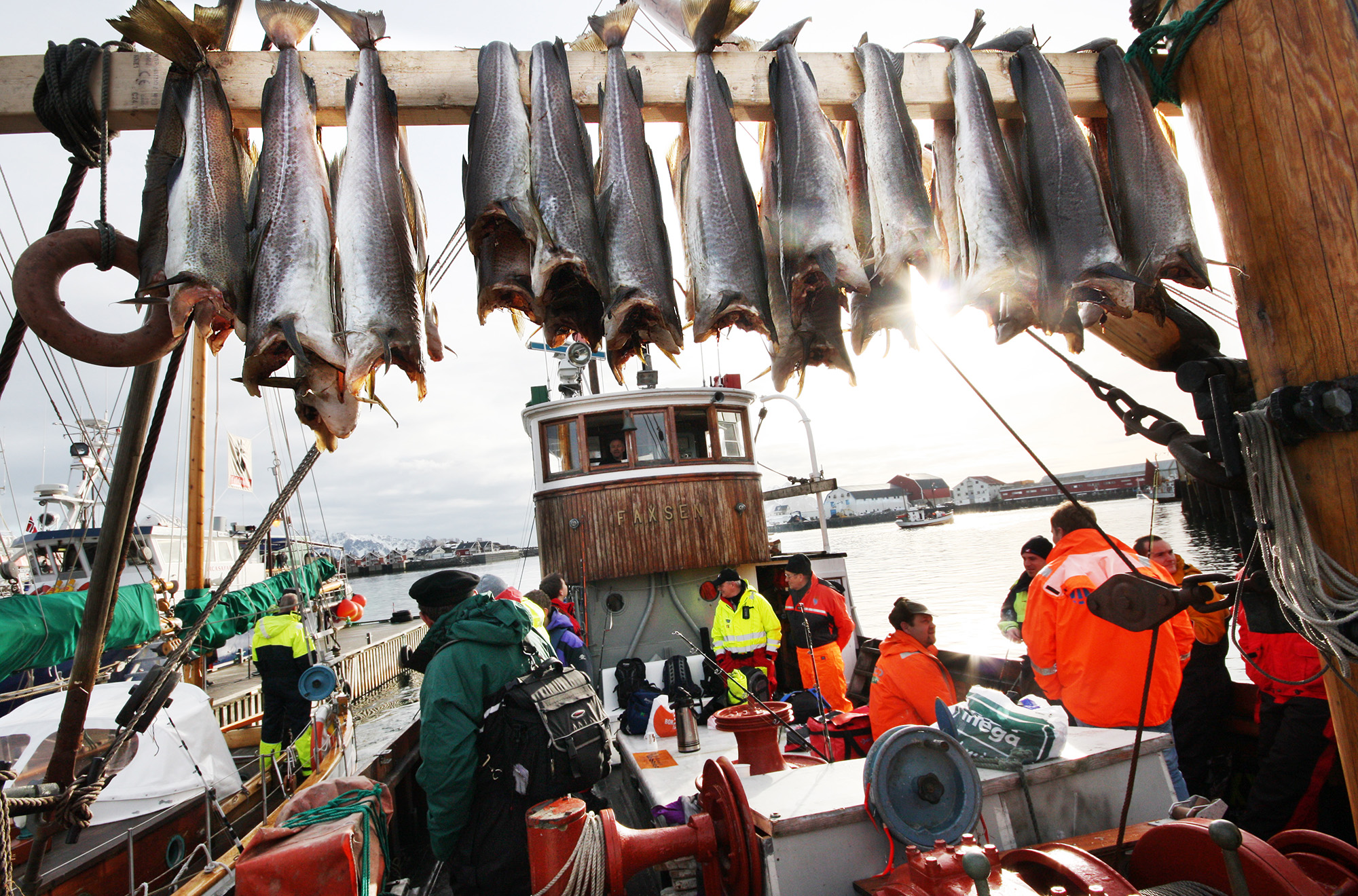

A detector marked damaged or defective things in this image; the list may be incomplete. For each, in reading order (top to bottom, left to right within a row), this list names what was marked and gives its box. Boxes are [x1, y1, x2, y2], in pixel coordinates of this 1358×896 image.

rusty metal hook [12, 228, 177, 367]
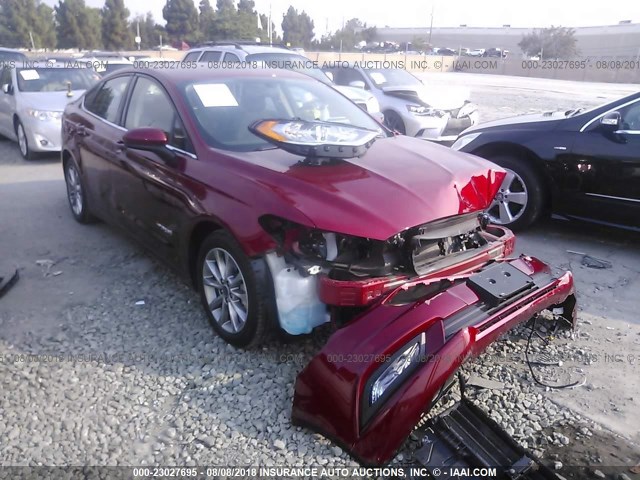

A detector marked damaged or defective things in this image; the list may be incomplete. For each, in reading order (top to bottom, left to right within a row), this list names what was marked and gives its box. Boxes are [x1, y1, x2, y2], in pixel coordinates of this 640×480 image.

crumpled hood [18, 90, 85, 112]
crumpled hood [380, 85, 470, 111]
crumpled hood [235, 135, 504, 240]
damaged red car [62, 66, 576, 464]
detached front bumper cover [292, 255, 576, 464]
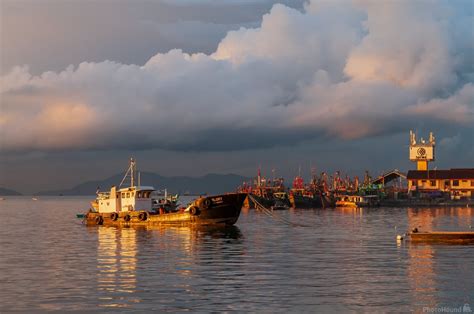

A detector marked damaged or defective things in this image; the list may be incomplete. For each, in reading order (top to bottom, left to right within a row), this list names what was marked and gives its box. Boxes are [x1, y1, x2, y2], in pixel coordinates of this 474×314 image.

rusty fishing boat [81, 159, 246, 226]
#####
## Exercise prompt
Starting at the line with "this 474×314 image.", restate each line through the end of the records, both ends included, and stop there.

## Response to this task
A detector marked damaged or defective things in this image; the list may be incomplete. For each, in reading order (top to bottom, left to right within a row), this list names what was marked and gives its box. Boxes are [x1, y1, x2, y2], in pixel coordinates of this 474×314 image.

rusty fishing boat [81, 159, 246, 226]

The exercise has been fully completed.